Il Giappone, da parte sua, potrebbe compiere ulteriori passi verso la normalizzazione monetaria non più tardi di aprile, una volta confermata un’evoluzione salariale sufficientemente dinamica. Questo perché la crescita rimane al di sopra del potenziale, l’output gap è probabilmente già positivo, si conferma un significativo movimento al rialzo delle aspettative di prezzo delle famiglie e delle imprese, l’inflazione di fondo è ormai da molti mesi al di sopra dell’obiettivo del 2%, la politica fiscale continuerà ad essere espansiva.

 

View di mercato

Titoli di Stato: dopo il forte calo dei tassi a lungo termine sia negli Stati Uniti sia in Europa, siamo ancora una volta molto cauti nei confronti del rischio di duration e preferiamo quindi concentrare le nostre esposizioni sulla parte breve della curva. Per quanto riguarda il Giappone, prevediamo che il rendimento dei titoli decennali tenderà a salire sensibilmente tra 3-6 mesi.

Azioni: poiché i dati macro sembrano suggerire che non sia imminente una recessione né negli Stati Uniti né in Europa e in un contesto in cui pensiamo che i tassi reali rimarranno ragionevolmente elevati su base strutturale, continuiamo a ritenere che il segmento di mercato value/ciclico, comprese le banche europee, dovrebbe fare meglio di quello growth/difensivo. Dal punto di vista geografico, alla luce di quanto sopra e dei livelli di valutazione relativi, preferiamo i mercati europei e asiatici a quelli statunitensi.

Credito: continuiamo a preferire le obbligazioni societarie perché nel nostro scenario macro centrale i tassi di default non dovrebbero aumentare troppo. In ogni caso, dato che gli spread non sono particolarmente elevati, continuiamo a ritenere che abbia senso combinare l’esposizione al credito con posizioni ben selezionate in titoli di Stato emergenti in valuta locale. Quest’ultima classe d’investimento ci attrae per due motivi principali: in primo luogo, perché offre ottime prospettive di rendimento, soprattutto in termini di carry, ma forse anche grazie a possibili movimenti di apprezzamento dei tassi di cambio; in secondo luogo, perché attualmente esiste un gruppo di Paesi emergenti per i quali prevediamo elevati tassi di crescita relativa e che beneficiano anche di una solida governance economica, di bassi deficit pubblici e di un’inflazione ragionevolmente bassa. Queste caratteristiche, a nostro avviso, fanno sì che l’esposizione al debito in valuta locale di questi Paesi sia oggi meno rischiosa di quanto possa sembrare a prima vista.

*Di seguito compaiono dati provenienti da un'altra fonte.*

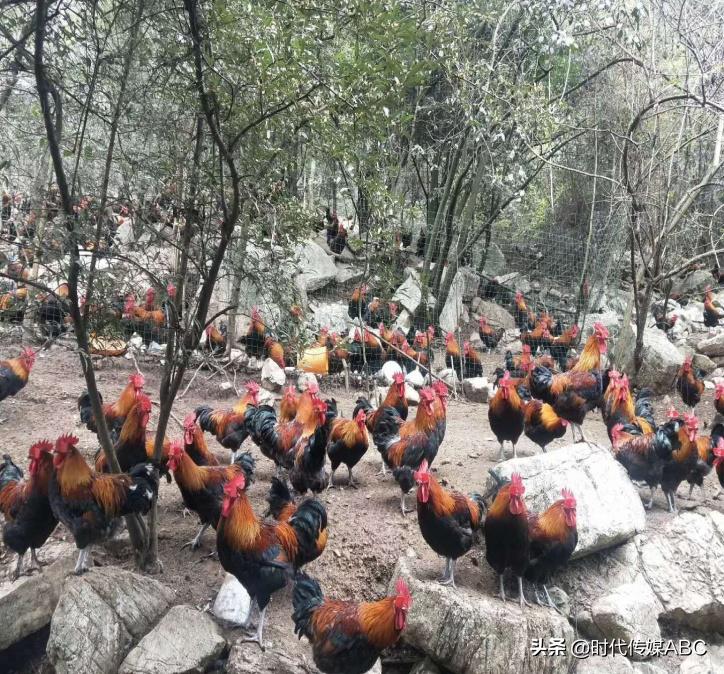 武都土特产有哪些,平武大山深处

Valute: continuiamo a detenere solo posizioni moderate in dollari perché riteniamo che il differenziale di crescita tra Stati Uniti ed Europa si ridurrà sensibilmente nel 2024. Allo stesso tempo, manteniamo una visione positiva su valute come corona norvegese, dollaro neozelandese e dollaro australiano. Continuiamo inoltre a preferire le valute dei mercati emergenti con una buona governance macro e prospettive di crescita economica favorevoli (real brasiliano, rupia indiana, peso messicano, rupia indonesiana). Inoltre, visti i buoni segnali macro che il Giappone sta generando, riteniamo che lo yen, in dosi prudenti, possa rappresentare una buona posizione di protezione per i prossimi mesi.